Finding Thankfulness In Adversity
In my 46 years of traveling as an evangelistic speaker, I have discovered something that isn’t truly surprising, but it is instructive.
The believers who impact others the most are not those who respond with an “attitude of gratitude” when life is going well, but those who respond with sincere thankfulness when life is upside down.
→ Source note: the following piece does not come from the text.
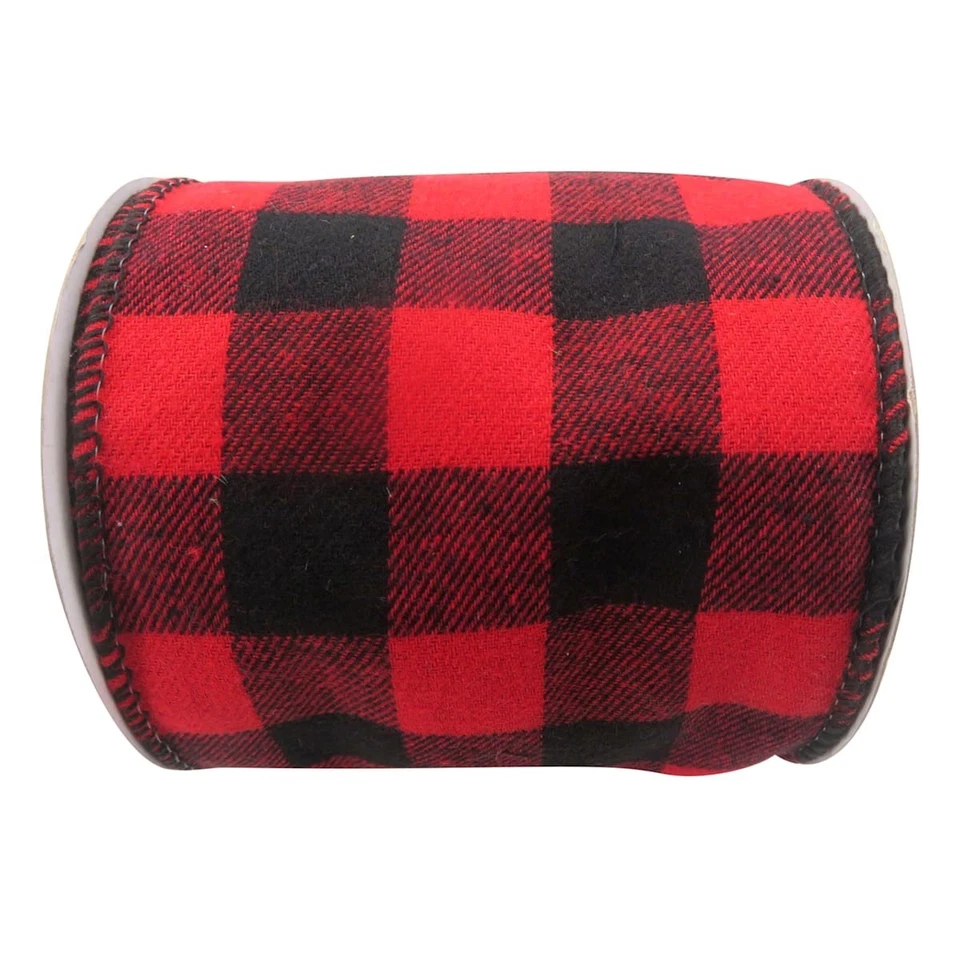 Fita xadrez Homespun Holiday 4" búfalo vermelho/preto, 5yd - Imagem 1 de 1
As I write this, I just returned yesterday from a man in a senior-living facility who practically overnight lost strength in his legs and is now confined to a wheelchair. He made the comment, “I don’t like who I am, but I like where I am.” He then went on to explain that although he regrets not being able to walk and needs a nurse’s assistance from 9 to 9 every day, he is grateful for the facility he is in and the care he is receiving. I can assure you, that even as I had lunch with him and noticed how people responded to him, they were extremely impressed by his attitude in the midst of adversity.
Everyone knows how to handle life when everything goes right, but when others see us as believers responding with an attitude of thanks while going through life’s toughest trials, that’s when we can best communicate the person of Jesus Christ and how much He means to us. They soon discover how seriously we take the admonition in I Thessalonians 5:18: “In everything give thanks; for this is the will of God in Christ Jesus for you.”
No one has exemplified this to me better than my mentor Dr. Haddon Robinson. In my book A Mentor’s Wisdom: Lessons I learned from Haddon Robinson, my twelfth lesson deals with when he said to me, “This Parkinson’s is rough. But the people are great, and the food is good.”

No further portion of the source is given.